Le peuple qui, des années durant, l’a vu ou entendu parler, qui de loin, dans une sorte de rêve a suivi les démêlés du leader avec la puissance coloniale, spontanément fait confiance à ce patriote. Avant l’indépendance, le leader incarnait en général les aspirations du peuple : indépendance, libertés politiques, dignité nationale. Mais, au lendemain de l’indépendance, loin d’incarner concrètement les besoins du peuple, loin de se faire le promoteur de la dignité réelle du peuple, celle qui passe par le pain, la terre et la remise du pays entre les mains sacrées du peuple, le leader va révéler sa fonction intime : être le président général de la société de profiteurs impatients de jouir que constitue la bourgeoisie nationale.

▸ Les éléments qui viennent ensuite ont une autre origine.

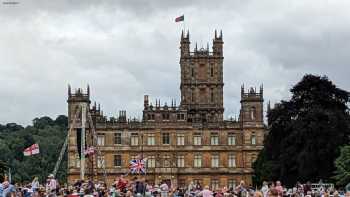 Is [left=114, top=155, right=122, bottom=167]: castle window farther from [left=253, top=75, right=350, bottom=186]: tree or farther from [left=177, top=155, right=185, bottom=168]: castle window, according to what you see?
[left=253, top=75, right=350, bottom=186]: tree

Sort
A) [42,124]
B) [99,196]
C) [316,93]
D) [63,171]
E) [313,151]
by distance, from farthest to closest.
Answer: [42,124] → [63,171] → [316,93] → [313,151] → [99,196]

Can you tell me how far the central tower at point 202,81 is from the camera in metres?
97.9

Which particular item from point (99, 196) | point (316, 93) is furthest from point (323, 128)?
point (99, 196)

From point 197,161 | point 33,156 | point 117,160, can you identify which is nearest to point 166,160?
point 197,161

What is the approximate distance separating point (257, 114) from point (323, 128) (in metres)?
33.1

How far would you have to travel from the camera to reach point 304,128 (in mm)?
60688

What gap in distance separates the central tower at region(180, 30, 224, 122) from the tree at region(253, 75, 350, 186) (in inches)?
1109

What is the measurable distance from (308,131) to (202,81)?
131ft

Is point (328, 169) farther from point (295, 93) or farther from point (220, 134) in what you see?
point (220, 134)

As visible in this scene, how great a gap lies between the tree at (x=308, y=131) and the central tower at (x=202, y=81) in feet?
92.4

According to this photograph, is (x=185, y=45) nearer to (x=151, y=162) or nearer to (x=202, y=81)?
(x=202, y=81)

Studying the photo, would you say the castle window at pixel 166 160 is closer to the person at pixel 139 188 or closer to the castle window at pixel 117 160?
the castle window at pixel 117 160

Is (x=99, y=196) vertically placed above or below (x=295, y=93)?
below

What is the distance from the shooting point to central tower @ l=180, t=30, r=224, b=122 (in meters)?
97.9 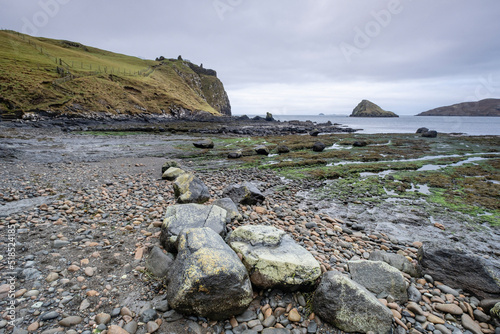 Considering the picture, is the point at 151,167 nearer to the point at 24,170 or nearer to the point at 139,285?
the point at 24,170

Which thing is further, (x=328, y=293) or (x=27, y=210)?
(x=27, y=210)

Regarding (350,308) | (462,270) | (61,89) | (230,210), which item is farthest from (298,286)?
(61,89)

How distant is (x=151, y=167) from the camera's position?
14.7 metres

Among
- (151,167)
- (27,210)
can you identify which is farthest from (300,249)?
(151,167)

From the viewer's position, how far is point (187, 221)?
5.85m

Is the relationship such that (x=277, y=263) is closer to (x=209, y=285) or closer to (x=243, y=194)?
(x=209, y=285)

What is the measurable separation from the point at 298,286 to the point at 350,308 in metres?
0.91

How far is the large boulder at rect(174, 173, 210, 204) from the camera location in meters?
8.30

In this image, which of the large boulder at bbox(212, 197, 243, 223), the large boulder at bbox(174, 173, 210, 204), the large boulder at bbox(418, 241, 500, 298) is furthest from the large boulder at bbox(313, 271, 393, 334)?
the large boulder at bbox(174, 173, 210, 204)

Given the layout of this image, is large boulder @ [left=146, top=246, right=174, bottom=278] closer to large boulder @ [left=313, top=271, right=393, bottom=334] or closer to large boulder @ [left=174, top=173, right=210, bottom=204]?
large boulder @ [left=313, top=271, right=393, bottom=334]

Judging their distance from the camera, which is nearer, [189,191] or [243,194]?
[189,191]

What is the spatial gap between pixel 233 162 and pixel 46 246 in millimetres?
14268

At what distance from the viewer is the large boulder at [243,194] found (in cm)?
902

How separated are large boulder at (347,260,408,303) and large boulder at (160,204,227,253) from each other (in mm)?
3307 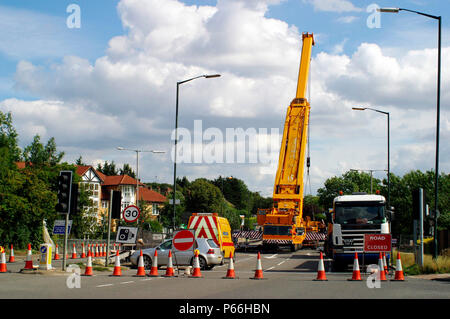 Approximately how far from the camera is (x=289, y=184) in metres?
40.3

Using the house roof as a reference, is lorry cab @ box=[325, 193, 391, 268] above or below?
below

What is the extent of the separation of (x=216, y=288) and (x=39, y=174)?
36.6 m

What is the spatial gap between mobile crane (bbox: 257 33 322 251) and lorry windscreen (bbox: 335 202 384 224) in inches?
629

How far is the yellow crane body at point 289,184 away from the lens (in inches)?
1582

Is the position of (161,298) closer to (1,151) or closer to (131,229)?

En dépit de sa fréquente honnêteté et malgré ses déclarations sincères, le leader est objectivement le défenseur acharné des intérêts aujourd’hui conjugués de la bourgeoisie nationale et des ex-compagnies coloniales. Son honnêteté, qui est une pure disposition de l’âme, s’effrite d’ailleurs progressivement. Le contact avec les masses est tellement irréel que le leader en arrive à se convaincre qu’on en veut à son autorité et qu’on met en doute les services rendus à la patrie. Le leader juge durement l’ingratitude des masses et se range chaque jour un peu plus résolument dans le camp des exploiteurs. Il se transforme alors. En connaissance de cause, en complice de la jeune bourgeoisie qui s’ébroue dans la corruption et la jouissance.
Les circuits économiques du jeune État s’enlisent irréversiblement dans la structure néo-colonialiste. L’économie nationale, autrefois protégée, est aujourd’hui littéralement dirigée. Le budget est alimenté par des prêts et par des dons. Tous les trimestres, les chefs d’État eux-mêmes ou les délégations gouvernementales se rendent dans les anciennes métropoles ou ailleurs, à la pêche aux capitaux.